The Rich History of Three Pentecost Hymns

Following the season of Easter is the Day of Pentecost, celebrating the narrative recorded in Acts 2 of the Holy Spirit descending onto followers of Christ and allowing them to speak in multiple languages. What God is able to do here is a powerful account of how the Holy Spirit works through people, breaking through human barriers, to share the Good News of salvation to all. Read the history of three hymns for Pentecost below, excerpted from Lutheran Service Book: Companion to the Hymns, that includes some surprising facts and details that will enrich your understanding of each hymn text.

Hail Thee, Festival Day (LSB 489)

Bishop Felix of Nantes served a remote stretch of northwest Gaul where, in the middle of the sixth century, he had converted and baptized the fierce Saxons. Venantius Fortunatus (ca. 540–early 7th cent.) penned several poems for Felix, including the 110-line poem from which “Hail thee, festival day” is taken. He wrote it for an Easter Vigil sometime between 567 (when Felix became bishop) and 576 (when the collection containing the poem was published). The poem, which is in elegiac couplets (a hexameter line followed by a pentameter one), is a celebration of the reawakening of nature in spring, a tribute to Christ’s victory over death, and a commendation to Felix for exemplary service.

About the Text

The refrain “Salve festa dies” (Greetings, O festal day!) is line 39 of Fortunatus’s poem. . . . The poem became popular and was adapted for singing at various festivals, notably Easter, Ascension, and Pentecost—though settings for Corpus Christi and the dedication of a church are also known. In order to match the poem better with each festival, new stanzas were written during the Middle Ages. Many of these hymns used the line beginning “Salve festa dies” but little else from Fortunatus’s original.

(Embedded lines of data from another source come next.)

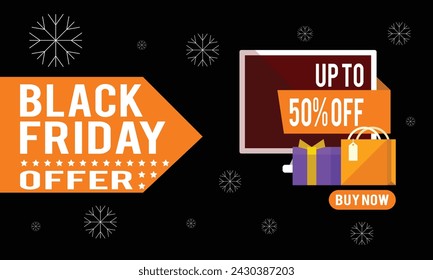 I will design black friday sales materials for your business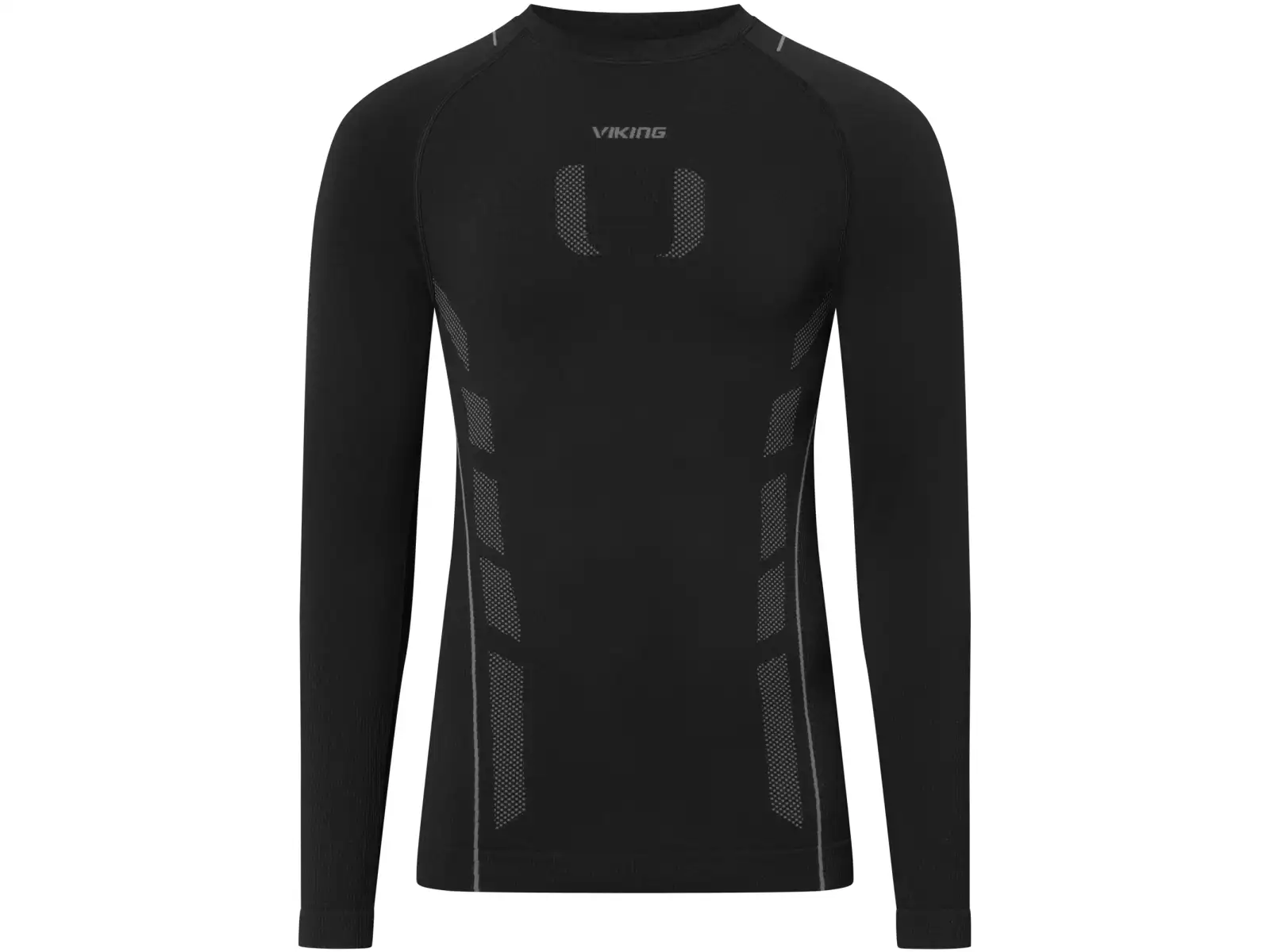 Viking Eiger 2.0 Herren Unterwäsche Set Black/Grey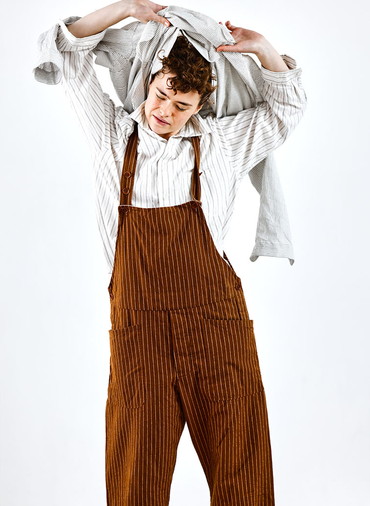 【CAPSULE COLLECTION】オーバーオール/Overalls 詳細画像 Brown 4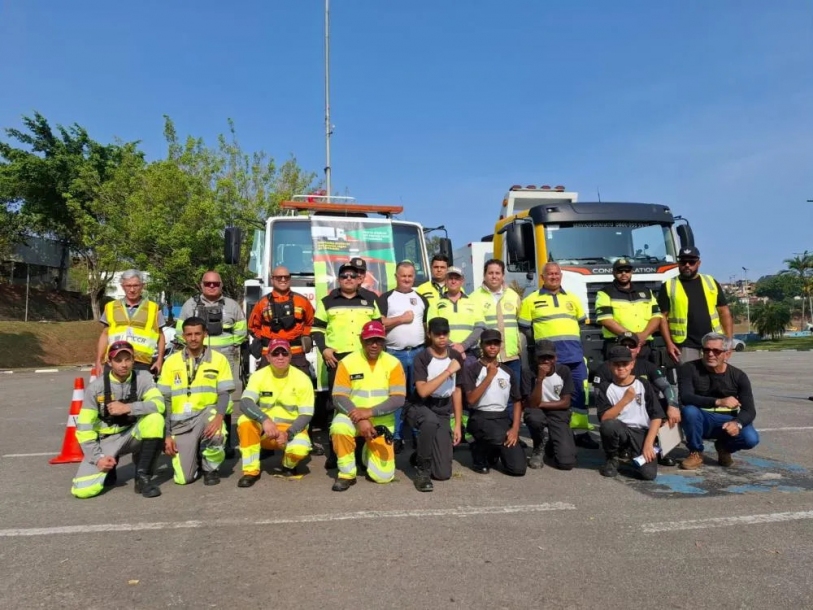 Jandira abre Semana Nacional do Trânsito com ação voltada a motociclistas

The hymn in LSB is a mixture of stanzas from the original and ones added in service books from the cathedrals of Salisbury and York in England. These Sarum and York Processionals, as the books are called, exist in manuscript beginning with the fourteenth century and in print from the early sixteenth century. The LSB translation is likewise a mixture of three that appeared in The English Hymnal of 1906: one by Maurice Frederick Bell of an Easter hymn from the Sarum Processional, one by Percy Dearmer of an Ascension hymn from the Sarum Processional, and one by Gabriel Gillett of a Pentecost hymn from the York Processional.

Holy Spirit, Ever Dwelling (LSB 650)

In one of its collects, the Church prays:

Almighty and ever-living God, You make us both to will and to do those things that are good and acceptable in Your sight. Let Your fatherly hand ever guide us and Your Holy Spirit ever be with us [emphasis added] to direct us in the knowledge and obedience of Your Word that we may obtain everlasting life. (LSB Altar Book, p. 448)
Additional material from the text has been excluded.